Hand back all records exactly, pictures omitted.
━━━━━ Input for this task
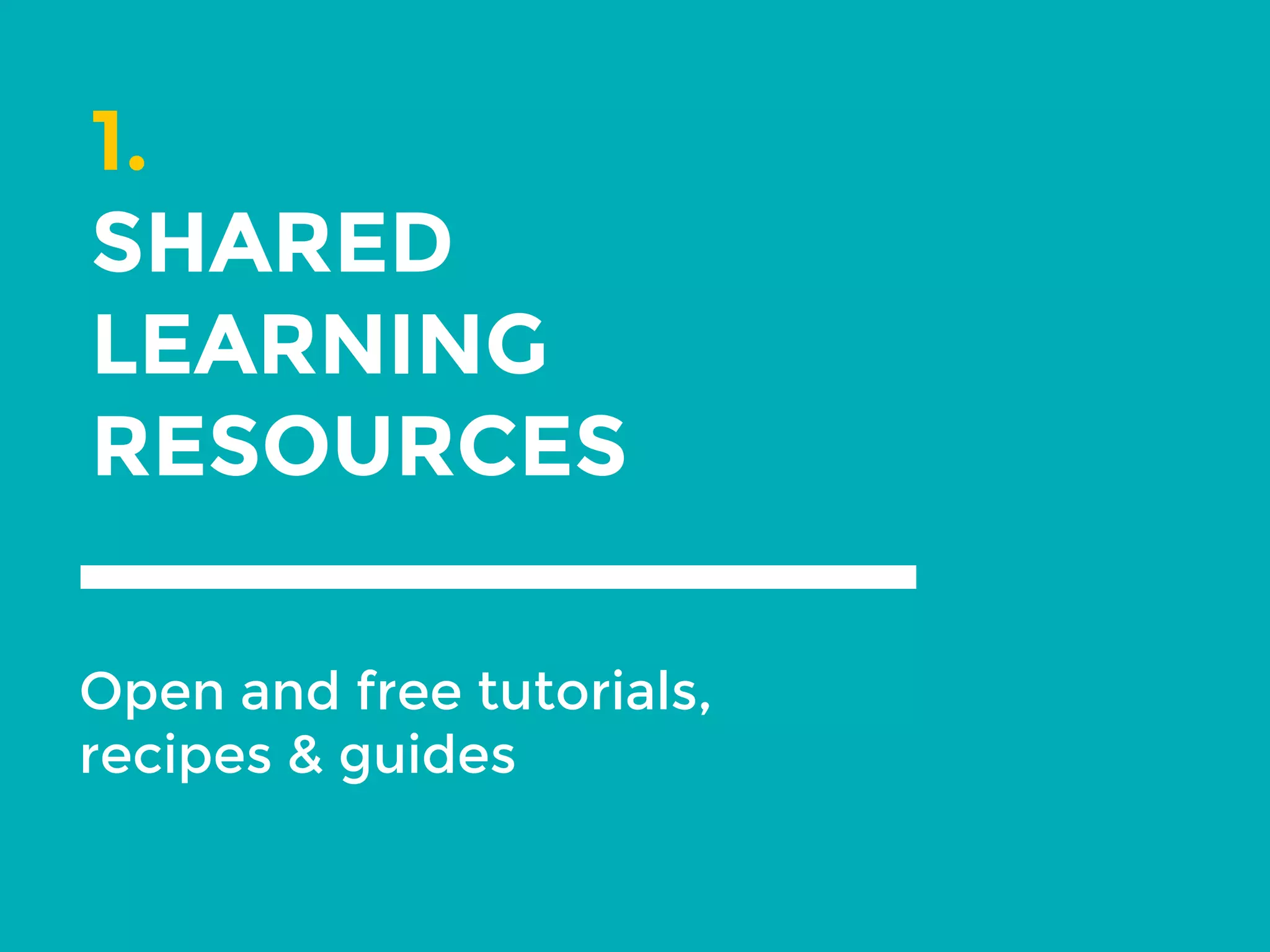 1.
SHARED
LEARNING
RESOURCES
Open and free tutorials,
recipes & guides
━━━━━━━━━━
**Written solution**
 1.
SHARED
LEARNING
RESOURCES
Open and free tutorials,
recipes & guides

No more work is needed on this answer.